* _DESCRIPTION OF THE TASK_: Repeat, please, exactly the lines from the one that has "tableau des paris à la roulette" through the end of the records below, with pictures dropped.

* _DATASET EXCERPTS_:
+ + + +
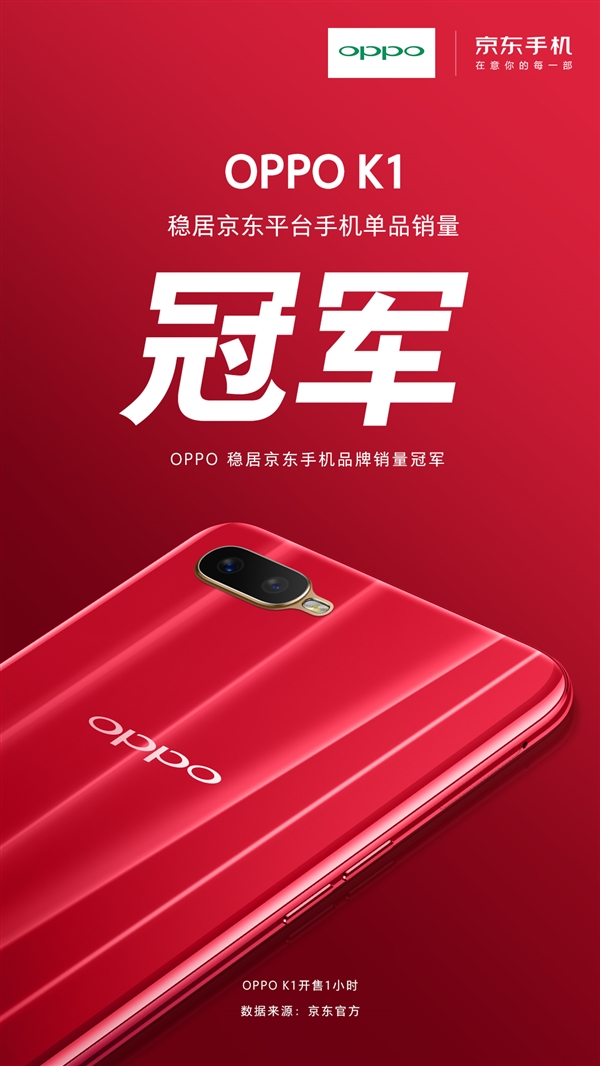 屏幕指纹/1599元 OPPO K1获京东手机单品销量冠军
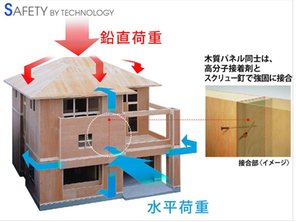 【ミサワホーム】エムズコート笹谷　No.2　モデルハウス　【一戸建て】 構造・工法・仕様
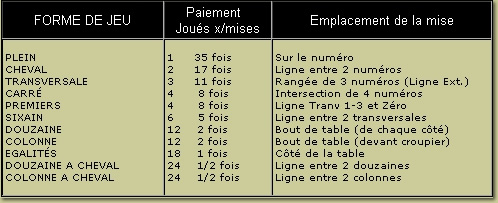 tableau des paris à la roulette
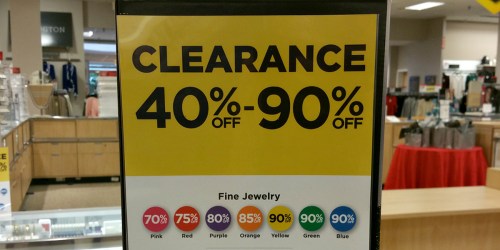Sears: Up to 90% Off Clearance In-Store = *HOT* Buys on Women’s Sandals, Infant Sleepers & More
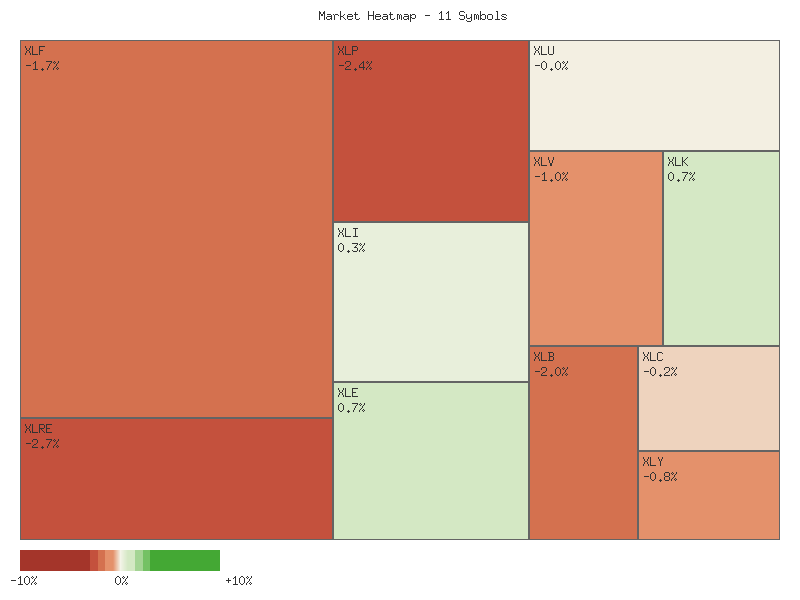 Performance heatmap showing comparative returns for XLP, XLRE, XLI, XLU, XLV, XLY, XLF, XLB, XLE, XLC, XLK over 2days timeframe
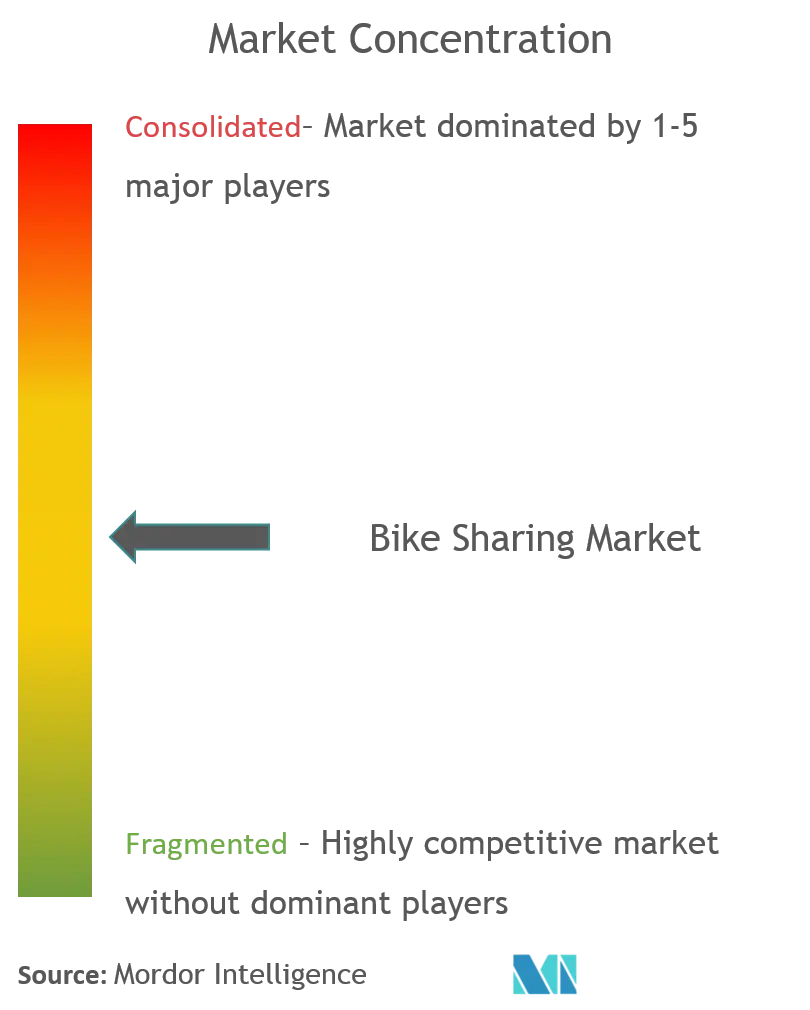 Concentración del mercado de bicicletas compartidas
+ + + +
* _OUTPUT BELOW_:
 tableau des paris à la roulette
Sears: Up to 90% Off Clearance In-Store = *HOT* Buys on Women’s Sandals, Infant Sleepers & More
 Performance heatmap showing comparative returns for XLP, XLRE, XLI, XLU, XLV, XLY, XLF, XLB, XLE, XLC, XLK over 2days timeframe
 Concentración del mercado de bicicletas compartidas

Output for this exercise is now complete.